Since September 2010, this blog has recorded the journey of this music junkie as I attempt to listen to all the music in my CD collection. CDs revisited in their entirety from start to finish - no skipping tracks, no shuffle. Compact Discs only - no vinyl, no tapes, no files.
Wednesday, June 19, 2013
Spyro Gyra - Down The Wire (2009)
Fortunately, the music is much better than the album cover art. I've often written that my favorite Spyro Gyra music comes from albums released in the late '70s and early '80s. The allmusic review sums up this music nicely: "there is no fluff on this 65-minute CD, which finds the Spyro Gyra of 2009 acting a lot like the freewheeling Spyro Gyra of the '70s and early '80s." That's all I need to hear. The more energetic, upbeat sound and solid writing that the band brought back on Good To Go-Go is also a welcome presence on this disc. It also sounds like Tom Schuman dug up some old analog synths to use and I like that. Sure, some of this sounds like instrumental pop music you might hear on The Weather Channel or at the supermarket, but I enjoy it so that's all that matters to me.

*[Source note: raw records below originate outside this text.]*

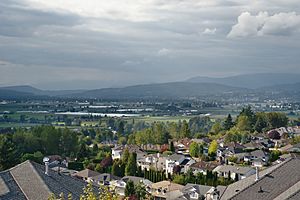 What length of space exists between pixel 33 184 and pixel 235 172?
86.0 ft

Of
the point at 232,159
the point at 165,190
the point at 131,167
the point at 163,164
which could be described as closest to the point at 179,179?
the point at 165,190

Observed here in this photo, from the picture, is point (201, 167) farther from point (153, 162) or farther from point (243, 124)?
point (243, 124)

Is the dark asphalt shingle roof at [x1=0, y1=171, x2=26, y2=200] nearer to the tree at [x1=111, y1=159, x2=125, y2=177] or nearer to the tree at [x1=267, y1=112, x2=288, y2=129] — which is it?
the tree at [x1=111, y1=159, x2=125, y2=177]

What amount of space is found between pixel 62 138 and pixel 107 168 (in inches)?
654

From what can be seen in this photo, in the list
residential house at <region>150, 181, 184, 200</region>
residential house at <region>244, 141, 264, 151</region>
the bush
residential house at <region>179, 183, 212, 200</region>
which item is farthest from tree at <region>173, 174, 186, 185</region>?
residential house at <region>244, 141, 264, 151</region>

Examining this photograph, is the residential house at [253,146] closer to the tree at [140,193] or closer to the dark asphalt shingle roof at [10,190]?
the tree at [140,193]

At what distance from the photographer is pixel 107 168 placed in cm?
4600

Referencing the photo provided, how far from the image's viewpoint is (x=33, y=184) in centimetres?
1569

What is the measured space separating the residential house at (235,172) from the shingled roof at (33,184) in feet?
76.0

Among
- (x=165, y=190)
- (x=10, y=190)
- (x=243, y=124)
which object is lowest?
(x=165, y=190)

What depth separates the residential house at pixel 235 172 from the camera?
38594 millimetres

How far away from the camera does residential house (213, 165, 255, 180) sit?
1519 inches

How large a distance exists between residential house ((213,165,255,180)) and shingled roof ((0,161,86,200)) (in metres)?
23.2

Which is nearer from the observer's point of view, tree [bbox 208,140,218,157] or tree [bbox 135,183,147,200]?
tree [bbox 135,183,147,200] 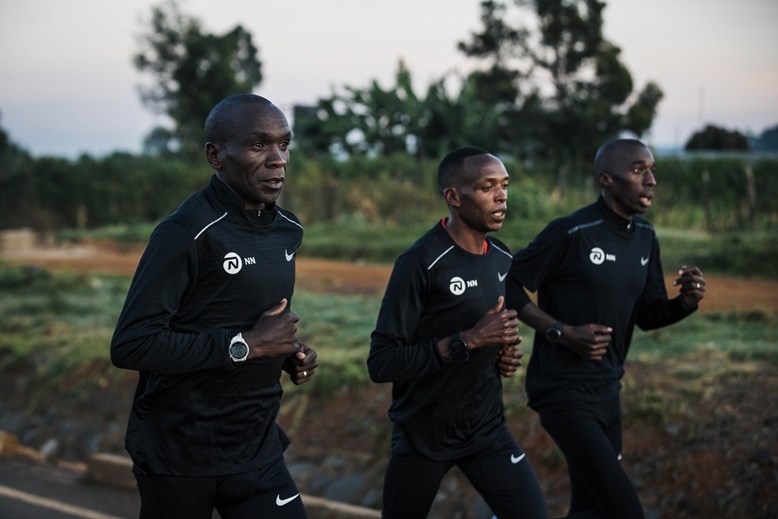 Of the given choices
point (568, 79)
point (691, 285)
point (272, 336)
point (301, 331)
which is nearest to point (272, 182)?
point (272, 336)

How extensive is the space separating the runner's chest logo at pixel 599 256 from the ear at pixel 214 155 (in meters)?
2.31

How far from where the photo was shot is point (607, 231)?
568 cm

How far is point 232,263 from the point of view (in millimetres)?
3908

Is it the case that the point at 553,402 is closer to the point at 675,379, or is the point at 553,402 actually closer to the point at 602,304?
the point at 602,304

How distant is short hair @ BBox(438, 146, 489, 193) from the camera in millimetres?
4953

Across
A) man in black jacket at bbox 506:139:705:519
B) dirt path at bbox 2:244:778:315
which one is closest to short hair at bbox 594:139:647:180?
man in black jacket at bbox 506:139:705:519

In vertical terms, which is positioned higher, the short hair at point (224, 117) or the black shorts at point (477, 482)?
the short hair at point (224, 117)

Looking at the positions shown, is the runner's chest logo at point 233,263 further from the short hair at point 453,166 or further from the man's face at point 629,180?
the man's face at point 629,180

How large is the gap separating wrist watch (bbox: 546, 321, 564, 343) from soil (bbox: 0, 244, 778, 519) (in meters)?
2.16

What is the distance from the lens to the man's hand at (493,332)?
178 inches

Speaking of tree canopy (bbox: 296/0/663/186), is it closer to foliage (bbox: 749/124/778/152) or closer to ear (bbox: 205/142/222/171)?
foliage (bbox: 749/124/778/152)

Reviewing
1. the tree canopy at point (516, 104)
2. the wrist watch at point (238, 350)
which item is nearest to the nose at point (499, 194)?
the wrist watch at point (238, 350)

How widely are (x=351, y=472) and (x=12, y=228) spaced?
23.7 m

Peak on the US Billboard Top 200 chart: Did not chart
Tracks: Top cuts are the title track, Unspoken, and What It Is. La Zona Rosa has its moments as well. There's a straight-ahead neo-bop tune, The Tippin' Point, which is fine on its own, but disrupts the flow of the album. Skip the final track, a funk tune with needless vocals titled Make it Mine.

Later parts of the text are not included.